El país cambió a raíz del 2 de octubre. Por supuesto que en esta sentencia hay mucho de mito, pero hay un gran consenso en que esa fecha es un punto de quiebre y que, al menos simbólicamente, tiene todo para ser considerada como tal: juventud, rebelión, represión, martirio. Lo que no ha cambiado es el rito, esto es, la forma en que conmemoramos la noche de Tlaltelolco; son las mismas marchas, con las mismas consignas, las mismas demandas y los mismos líderes, como si el país de hoy fuera el mismo de hace 10, 15, 35 o 40 años.
¿Qué sentido tiene hoy la consigna de “castigo a los responsables” cuando la mayoría está muerto en en vías de hacerlo?, ¿qué sentido tiene la marcha si no le damos nuevo contenido?, ¿cuál es la lógica de protestar contra la represión golpeando policías por el simple placer de golpear? El ritual del 2 de octubre necesita revitalizarse y resemantizarse para no terminar siendo una parodia de si mismo. Son unos pocos los se han apropiado de la memoria y, como bien plantea Luis González de Alba, recordamos solo lo que ellos quieren recordar.
Hoy el 2 de octubre está cada vez más lejos de la agenda libertaria, de la reivindicación de educación pública y la democracia, demandas fundamentales de aquellas marchas de hace 45 años. No deja de ser paradójico que en pleno debate sobre el futuro de la educación en el país la memoria de la noche de Tlaltelolco no tenga nada que decir en este tema; que en un país donde aún se debaten de los derechos de las minorías los movimientos sociales no encuentren en las reivindicaciones del 68 una bandera significativa.
La agenda de la memoria define también la agenda de futuro, porque finalmente construimos sobre los imaginarios. La no asimilación del 68 en términos históricos y simbólicos es el reflejo de los atavismos que tenemos en este país. No es gratuito que la reforma energética que propone el PRI sea rescatando el texto constitucional de 1938, o que le tengamos tanto miedo a discutir siquiera temas como la reorganización de los sistemas de salud porque las instituciones, el IMSS o el ISSSTE son totémicas, y por lo tanto son más importantes que los derecho habientes.

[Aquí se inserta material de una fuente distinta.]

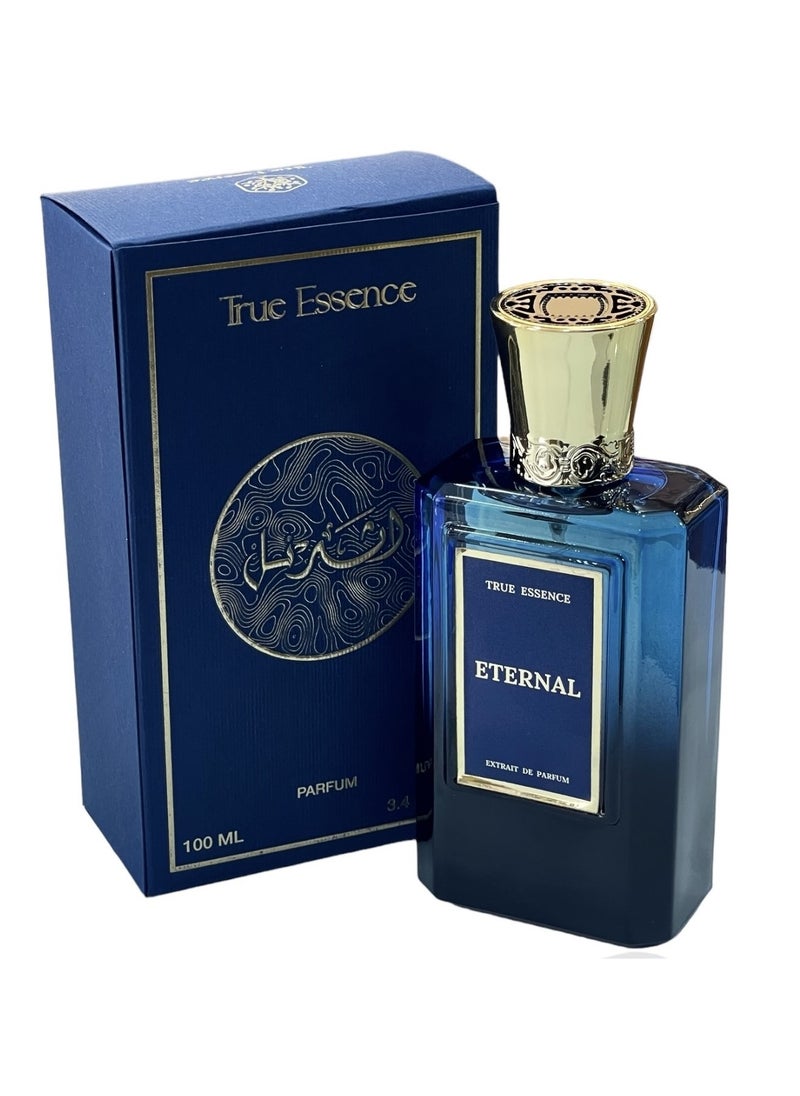 True Essence Reve Collection Eternal Extrait De Parfum  100 ml for Unisex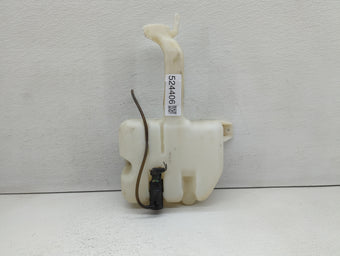 compare product 1998-2002 Honda Accord Windshield Washer Fluid Reservoir Bottle Oem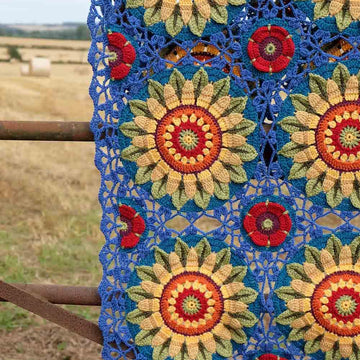 Fields Of Gold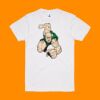 Mens Block Tee Thumbnail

Los mexicanos administramos la memoria de manera ritualista. La forma termina invariablemente imponiéndose sobre el fondo, el símbolo sobre el significado y el recuerdo sobre la construcción de futuro. La gran reforma que necesita este país es la de la reforma de la memoria, un cambio radical en la manera en que hacemos, escribimos, entendemos y nos apropiamos de la historia.